Let’s break this down line by line. First, we use ALTER TABLE, then specify the table we want to alter. In this case, we want to alter the ca_wac_2015 table. Then, we ADD a new column, over100. We designate this as a BOOL for boolean (that is, a TRUE/FALSE value) column.

After we create this new column, we need to fill it with the appropriate values. First, we’re going to set everything in the column to be 0 (or False). To do this, we use UPDATE, specify the appropriate table, then use SET over100 = 0. Then, we replace the value with 1 (or True) if the value in c000 for that row is above 100. We again use UPDATE in a similar manner, except we add a WHERE clause, so that it only set the value to TRUE if a certain condition is met – in this case, that c000 > 100.
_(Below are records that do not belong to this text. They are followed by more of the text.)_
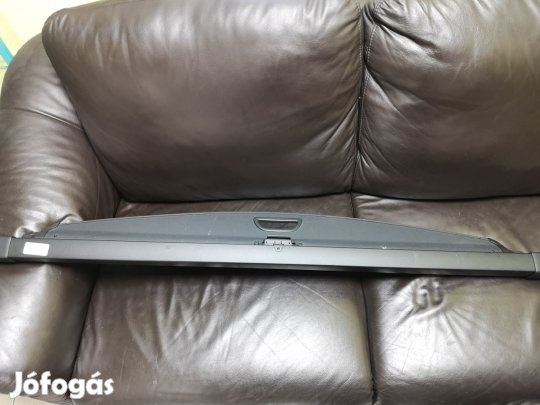 Mercedes GLE W167 roló A16781069009051 eladó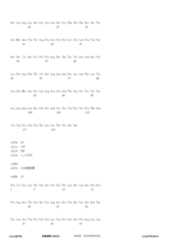 Figure 12_A0101_SEQ_0020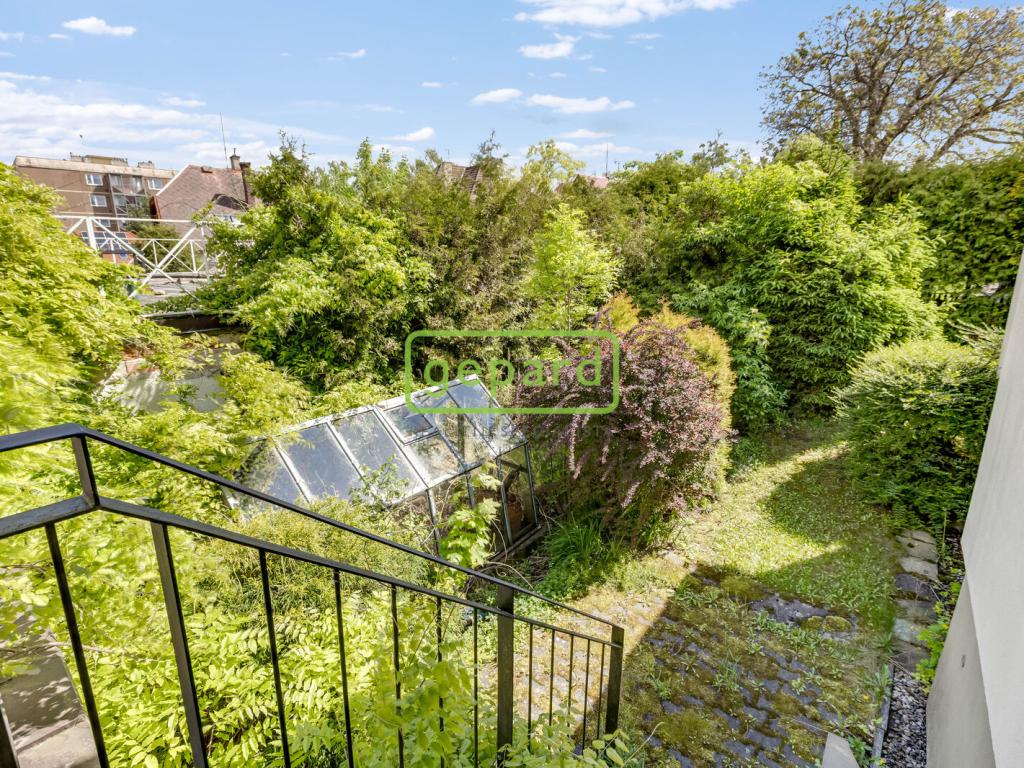 Prodej domu 353 m2, Přelouč – náhled fotky 21
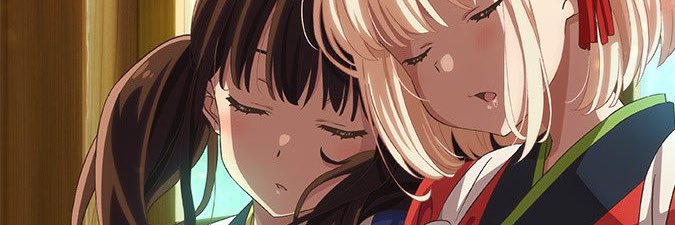 poke_1122's profile banner image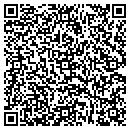 QR code with Attorney At Law contacts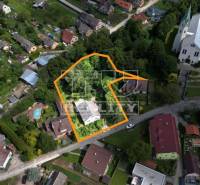 Prievidza Family house Sale reality Prievidza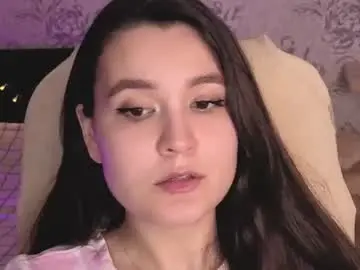 Chaturbate Sex Cam of anny_shine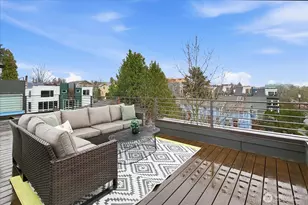 206 22nd Ave, Seattle, WA 98122 - Photo 24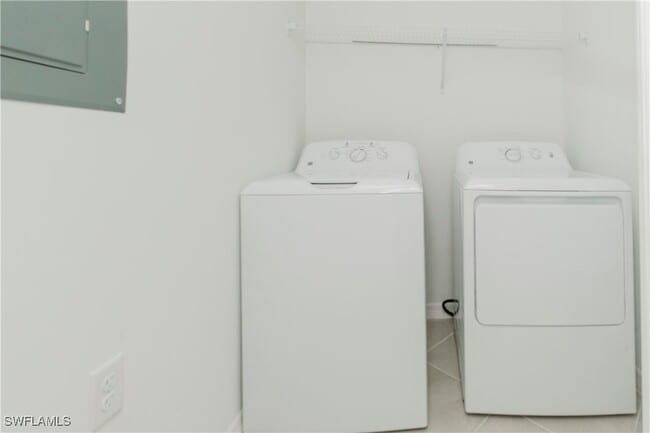 Building Photo - 18461 Copperhead Dr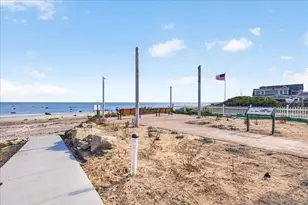 33 White Horse Rd, Plymouth, MA 02360 - Photo 35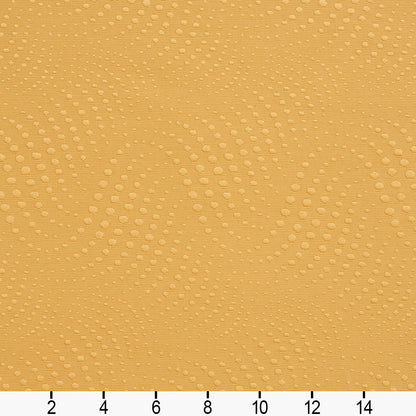 20650-09 Abstract & Geometric nan Gold & Yellow Charlotte Select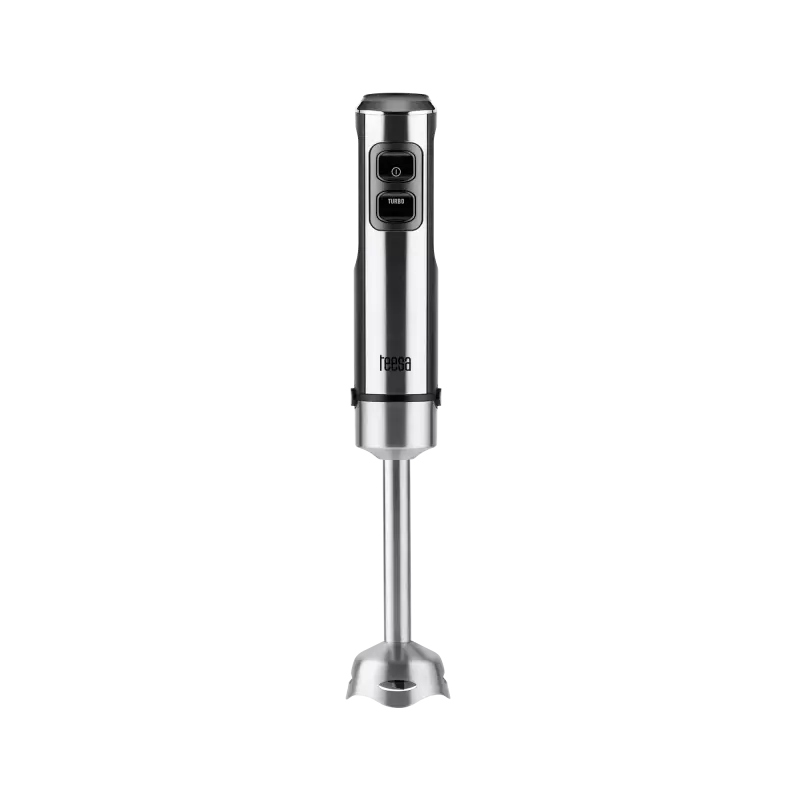 Blender ręczny 1200W Blender ręczny 1200W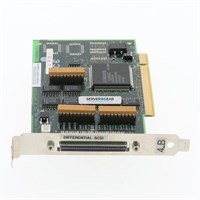70XX-2409 Адаптер F/W PCI DIF ADAPTER 70XX-2409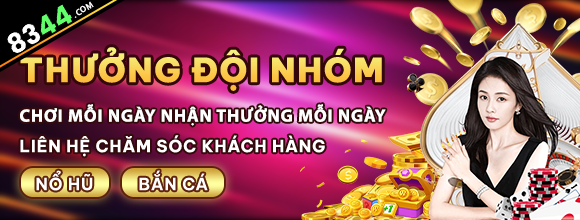 Hình ảnh quảng cáo của goal123 hiển thị nền tảng và các lợi ích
Checkpoint: Using Conditional Statements#

Answer the questions below, making sure to write out the queries used to answer the questions.

  • How many census blocks contain more than 200 jobs?

  • How many census blocks contain residences of fewer than 25 workers?

  • How many census blocks contain workplaces with more than 10 workers with a Bachelor’s degree or higher?